Probability of repeatedly selecting object in group

Question

There are n objects in a list. N random numbers are generated, each pointing to a height in the list. Each time an object gets "hit", it gets 1 point.

What is the probability that an object gets: 1 point, 2 points, 3 points, etc.

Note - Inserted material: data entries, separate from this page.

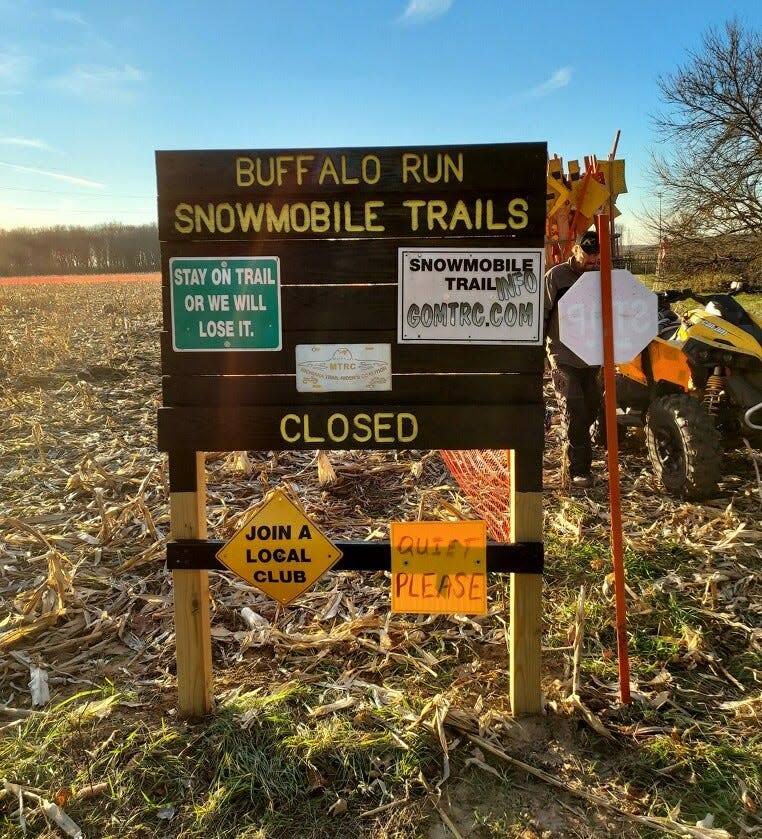 A sign marks the new trailhead for the Buffalo Run Snowmobile Trail along Pear Road in South Bend.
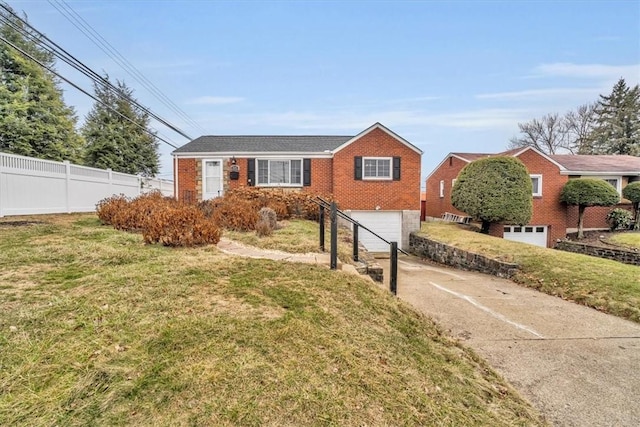 single story home featuring a garage, brick siding, fence, concrete driveway, and a front yard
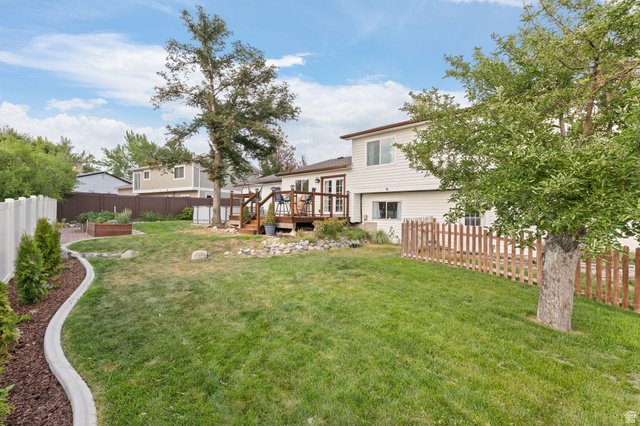 12152 Cinnamon Ridge Road Sandy, UT 84094 - Photo 34 of 51 Expansive backyard featuring a manicured lawn, multi-level wood deck, white vinyl fencing, and a raised garden bed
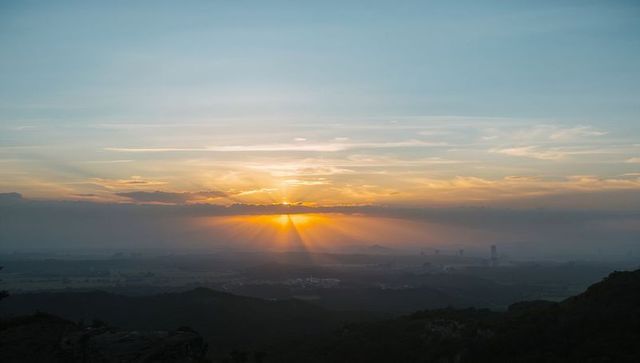 Sunrise rays spreading across misty valley from mountain ridge at dawn
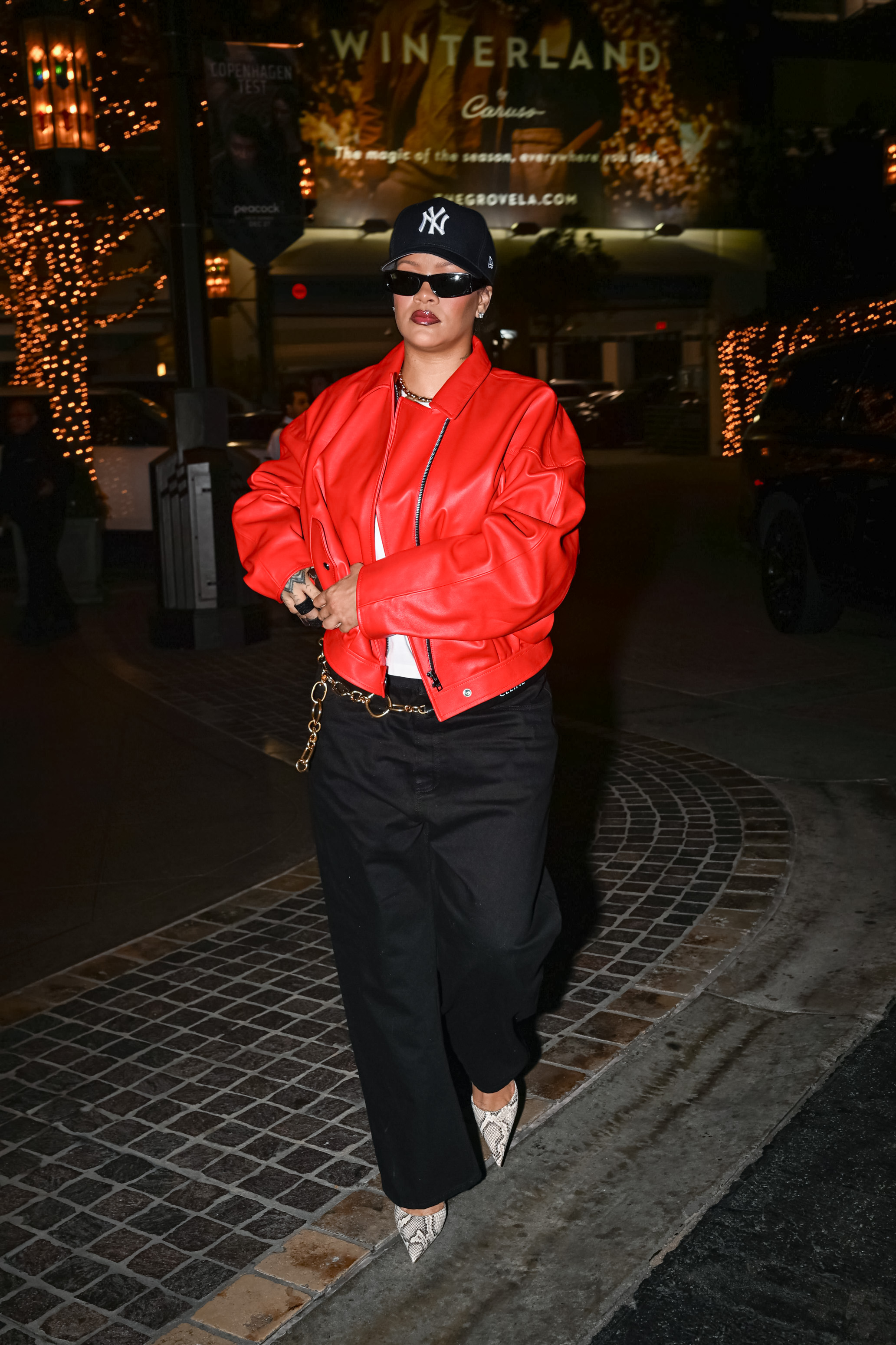 Rihanna ran errands in L.A. while wearing a red leather bomber jacket and python pumps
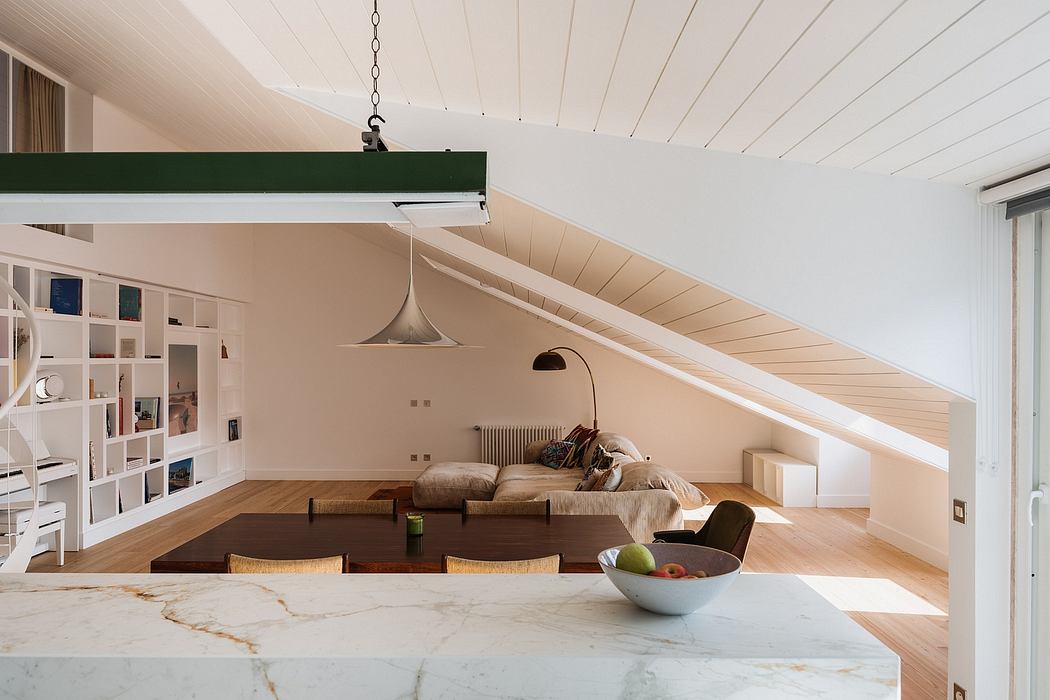 Cozy loft-style space with wooden beams, built-in shelving, and a marble-topped table.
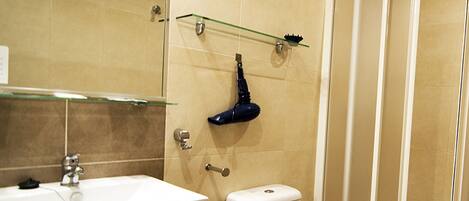 A bathroom with a white sink, a toilet, and a glass shower enclosure.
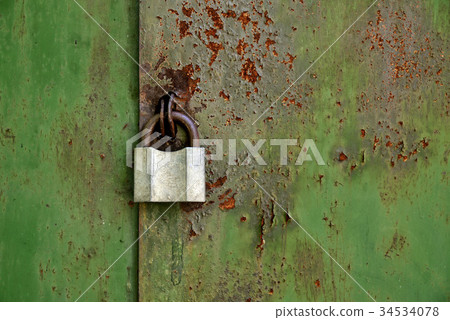 Old padlock on an old rusty iron door 34534078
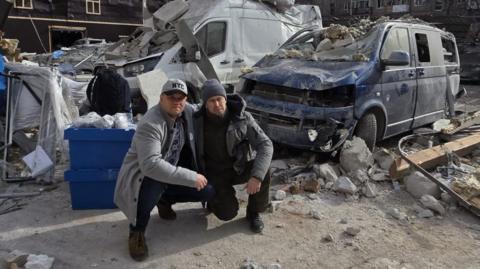 Karol Swiacki and March Edwards crouching in front of their destroyed vehicles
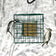 Duncraft Squirrel Proof Suet Sanctuary with tightly woven metal fencing, designed to deter squirrels while allowing birds like woodpeckers to enjoy suet cakes.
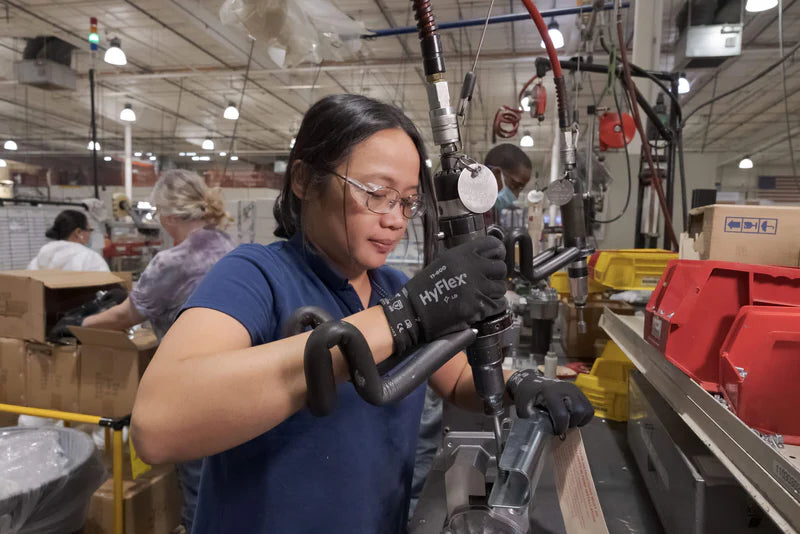 Person working with equipment in a factory setting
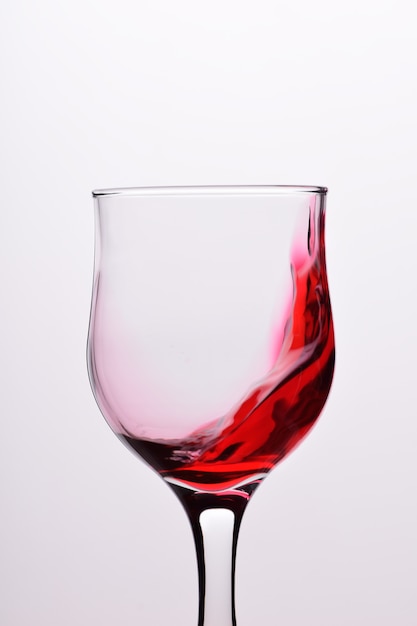 Glasses with waves plash of red wine on a white background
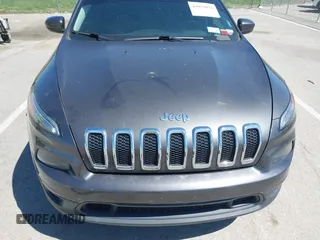 2014 Jeep Cherokee Latitude with VIN 1C4PJMCS2EW137767, listed as a IAAI auction lot 42052071 with 165,300 mi miles and . Bid and sale history available at DreamBid. Image 6.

I wrote a script that tests it. The result for 1 million objects, so, 36%, 18%, 6%, 1.5%, 0.3%, etc. How is this calculated mathematically? I asked this question, and it was closed, but there is no reason to close it.

population: 1000000
results: 
1:  368282 ,  36.8282 %
2:  184036 ,  18.4036 %
3:  61046 ,  6.1046000000000005 %
4:  15465 ,  1.5465 %
5:  3009 ,  0.3009 %
6:  519 ,  0.0519 %
7:  56 ,  0.0056 %
8:  11 ,  0.0011 %
9:  1 ,  0.000099 %

The script,

# cook your dish here
import math
import random
population = 10*6
registry = [0]population
count = []
for i in range(population):
    randomNumber = random.randint(0, population-1)
    registry[randomNumber] += 1
    if len(count) < registry[randomNumber]: count.append(0)
for i in range(population):
    if registry[i] != 0: count[registry[i]-1]+=1
print("population:", population)
print("results: ")
for i in range(len(count)):
    print(i+1, ": ", count[i], ", ", count[i]/population*100, "%")

Answer 1

Collecting comments,

The probability a specific object was sampled $k$ times with replacement can be seen by counting techniques or binomial distribution as being $$\Pr(X=k)=\frac{\binom{n}{k}(n-1)^{n-k}}{n^n}$$

This, seen by choosing which $k$ of the samplings resulted in our desired object, for the remaining $n-k$ of the samplings choosing which other object was chosen, taken over the $n^n$ different possible ways of sampling our $n$ objects.

We can investigate what happens as we let $n$ continue to grow large. For this, we must first recognize that $\binom{n}{k}=\dfrac{n(n-1)(n-2)\cdots(n-k+1)}{k!}$. In particular, $\binom{n}{k}\sim \frac{n^k}{k!}$ keeping only the first term after expansion as all other terms are of lower order which disappear as we take the limit anyways.

We have $\lim\limits_{n\to\infty}\dfrac{\binom{n}{k}(n-1)^{n-k}}{n^n}=\lim\limits_{n\to\infty}\dfrac{\frac{n^k}{k!}(n-1)^{n-k}}{n^n}=\frac{1}{k!}\lim\limits_{n\to\infty}(1-\frac{1}{n})^{n-k}=\frac{1}{k!}\cdot e^{-1}$

Indeed, this matches closely with your experimental results.

$\begin{array}{c|c|c}k&\text{Your experimental result}&\text{Exact theoretical result}\\\hline 0&.367575&\frac{1}{e}\approx0.36787944\dots\\1&.368282&\frac{1}{e}\approx0.36787944\dots\\ 2&.184036&\frac{1}{2e}\approx0.18393972\dots\\ 3&.061046&\frac{1}{3!e}\approx0.06131324\dots\\ 4&.015465&\frac{1}{4!e}\approx0.01532831\dots\\ 5&.003009&\frac{1}{5!e}\approx0.00306566\dots\\ 6&.000519&\frac{1}{6!e}\approx0.00051094\dots\\ 7&.000056&\frac{1}{7!e}\approx0.00007299\dots\\ \vdots\end{array}$

(Note: $0! = 1$ and so the formula above works for $k=0$ as well. We have in this case that $\Pr(X=0)=\Pr(X=1)=\frac{1}{e}$)

Note further that the expected number of these elements who were never chosen or were chosen exactly once etc... will simply be $n$ times their respective probability of a particular element being chosen that many times as per the linearity of expectation.